Each line of the listing, apart from the pictures, is to be printed exactly.

→ Information shown:
···

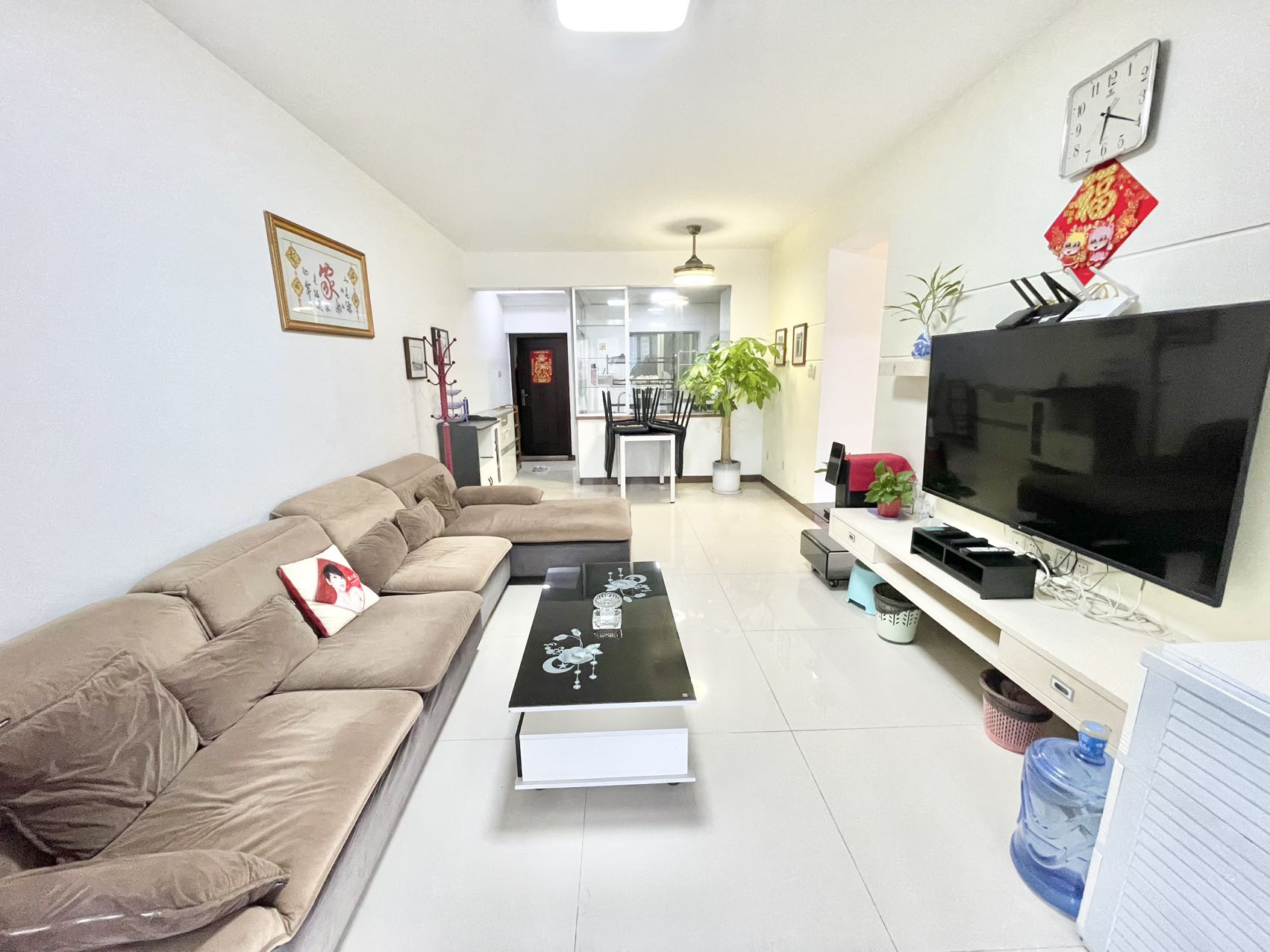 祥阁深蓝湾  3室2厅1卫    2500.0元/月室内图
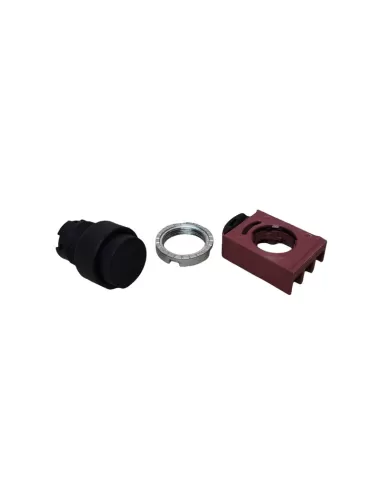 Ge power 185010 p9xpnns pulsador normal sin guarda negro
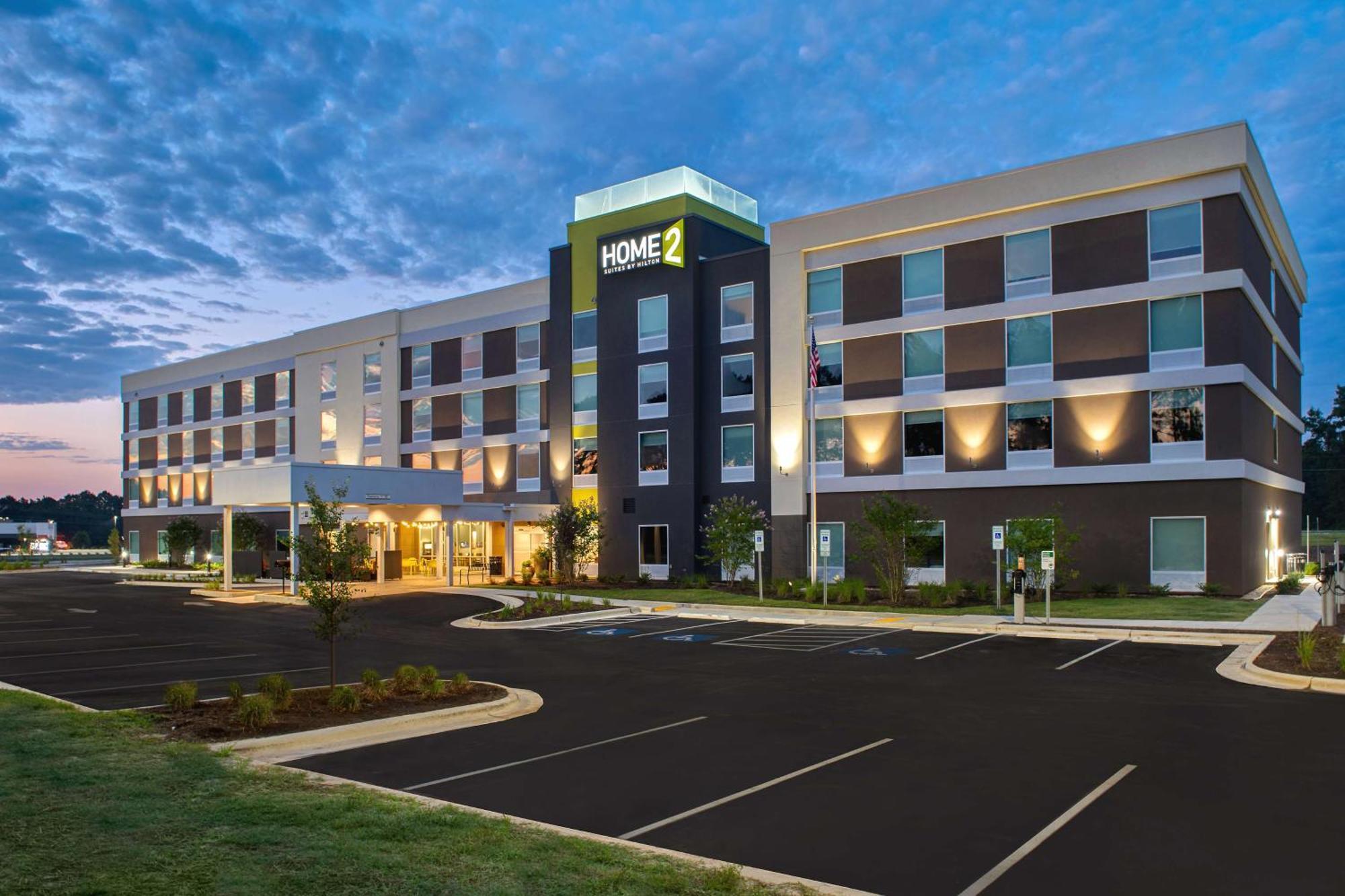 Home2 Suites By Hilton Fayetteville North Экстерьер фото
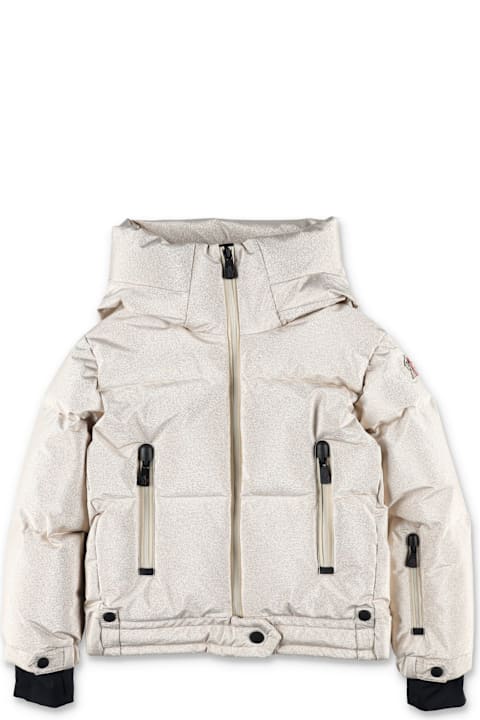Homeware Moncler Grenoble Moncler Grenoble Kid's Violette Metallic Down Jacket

···

→ Exercise response:
 祥阁深蓝湾  3室2厅1卫    2500.0元/月室内图
 Ge power 185010 p9xpnns pulsador normal sin guarda negro
 Home2 Suites By Hilton Fayetteville North Экстерьер фото
Homeware Moncler Grenoble Moncler Grenoble Kid's Violette Metallic Down Jacket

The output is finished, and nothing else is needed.